Despite an old label on the back of the frames attributing the two drawings to Jean Duplessi- Bertaux, the author of these sheets must be recognized as Hoüel. In fact, on 4 July 1792 the architect Vaudoyer, who was in charge of the castle of Chavaniac, one of La Fayette's properties, informed La Fayette that the Tableaux historiques ordered by the marquis had arrived at the castle: "I have received the nine Tableaux des événements de la Révolution that you had ordered before your departure from M. Hoüel. They are: L'évènement du Prince Lambesc, Prise d'armes au Garde-Meuble, Prise d'armes aux Invalides, Prise de la Bastille, Intérieur de la Bastille, Quête de Mme de la Fayette au Sépulcre, Bénédiction des drapeaux à Notre-Dame, arrivée du Roi à Paris le 17 juillet, Arrivée du Roi à Paris le 6 octobre (Chavaray, op. cit.). Among these, we recognize the present two drawings; the others, for example La Prise de la Bastille (fig.2), are for the most part kept at the Bibliothéque Nationale de Paris (see La Révolution française. Le Premier Empire, op.cit.). The style, like the dimensions, of the present drawings and of Prise de la Bastille are the same, whereas they are are different from those of Duplessi-Bertaux, as we can observe in other sheets he drew for the Tableaux Historiques, which are now kept in the British Museum, London (see C. Hould, 'Les dessins originaux de Duplessi-Bertaux pour les vignettes des portraits des Tableaux historiques de la Révolution Française', in Symbols, Myths and Images of the French Revolution, Essays in Honour of James A. Leith, University of Regina, Canada, 1998, pp.73-89).

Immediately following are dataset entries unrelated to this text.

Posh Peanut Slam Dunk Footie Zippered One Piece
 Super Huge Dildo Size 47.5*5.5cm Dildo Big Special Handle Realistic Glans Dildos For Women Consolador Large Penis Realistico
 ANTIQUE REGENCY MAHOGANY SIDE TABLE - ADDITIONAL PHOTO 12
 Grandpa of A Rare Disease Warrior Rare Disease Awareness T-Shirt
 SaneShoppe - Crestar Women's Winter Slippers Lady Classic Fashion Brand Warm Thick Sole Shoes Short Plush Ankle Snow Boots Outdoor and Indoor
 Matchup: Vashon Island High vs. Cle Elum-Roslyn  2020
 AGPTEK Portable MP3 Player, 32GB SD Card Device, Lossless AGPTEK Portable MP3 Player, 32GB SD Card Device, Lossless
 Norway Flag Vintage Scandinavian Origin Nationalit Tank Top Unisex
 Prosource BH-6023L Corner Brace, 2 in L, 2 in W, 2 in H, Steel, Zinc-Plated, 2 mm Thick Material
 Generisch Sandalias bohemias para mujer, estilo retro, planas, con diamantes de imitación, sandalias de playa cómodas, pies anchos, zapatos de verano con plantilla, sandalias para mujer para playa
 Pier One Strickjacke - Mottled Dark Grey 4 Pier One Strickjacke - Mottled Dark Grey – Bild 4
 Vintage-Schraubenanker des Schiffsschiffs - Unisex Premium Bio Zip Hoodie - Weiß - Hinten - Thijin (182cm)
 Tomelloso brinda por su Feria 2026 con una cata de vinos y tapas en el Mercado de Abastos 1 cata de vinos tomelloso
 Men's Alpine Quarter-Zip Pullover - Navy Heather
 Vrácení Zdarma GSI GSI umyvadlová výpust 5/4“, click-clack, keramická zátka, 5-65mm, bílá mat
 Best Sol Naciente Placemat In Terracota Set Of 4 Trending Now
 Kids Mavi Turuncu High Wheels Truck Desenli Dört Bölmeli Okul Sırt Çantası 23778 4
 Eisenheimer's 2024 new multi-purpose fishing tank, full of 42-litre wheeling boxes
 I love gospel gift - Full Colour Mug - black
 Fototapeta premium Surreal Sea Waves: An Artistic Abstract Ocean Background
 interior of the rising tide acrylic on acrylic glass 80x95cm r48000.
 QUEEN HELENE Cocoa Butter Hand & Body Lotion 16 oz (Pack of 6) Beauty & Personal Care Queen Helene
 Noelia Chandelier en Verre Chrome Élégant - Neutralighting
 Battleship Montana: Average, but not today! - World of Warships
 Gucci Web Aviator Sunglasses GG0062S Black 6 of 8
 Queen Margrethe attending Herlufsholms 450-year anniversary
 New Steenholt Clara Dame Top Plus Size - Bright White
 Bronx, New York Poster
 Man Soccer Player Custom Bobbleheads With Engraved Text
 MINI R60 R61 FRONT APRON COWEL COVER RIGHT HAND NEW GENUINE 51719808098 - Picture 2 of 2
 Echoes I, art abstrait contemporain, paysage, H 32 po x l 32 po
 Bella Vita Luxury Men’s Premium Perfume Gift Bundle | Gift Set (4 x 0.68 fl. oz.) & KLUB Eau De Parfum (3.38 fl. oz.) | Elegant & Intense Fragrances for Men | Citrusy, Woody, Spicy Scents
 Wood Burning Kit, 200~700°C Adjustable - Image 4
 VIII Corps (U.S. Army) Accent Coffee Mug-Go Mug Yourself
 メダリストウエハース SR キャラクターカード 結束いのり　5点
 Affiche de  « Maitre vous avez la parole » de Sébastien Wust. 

With his friend Moreau le Jeune, Hoüel was involved in the revolutionary events. He was a regular at the "Loge des Neuf Soeurs" where, surrounded by the authors of the American and French revolutions, the artists devoted to the propaganda met.
It is therefore no accident that La Fayette commissioned him to execute this series, which is supposed to reproduce some of the episodes that were already illustrated by Prieur. By reinterpreting the two subjects from his own point of view, in a different manner from the etchings which had already been published, Hoüel emphasizes the role and the presence of La Fayette, more than was the case in the previous prints. Was La Fayette thinking of publishing another edition of the Tableaux Historiques or was it rather a personal souvenir of the glorious and difficult time he had lived?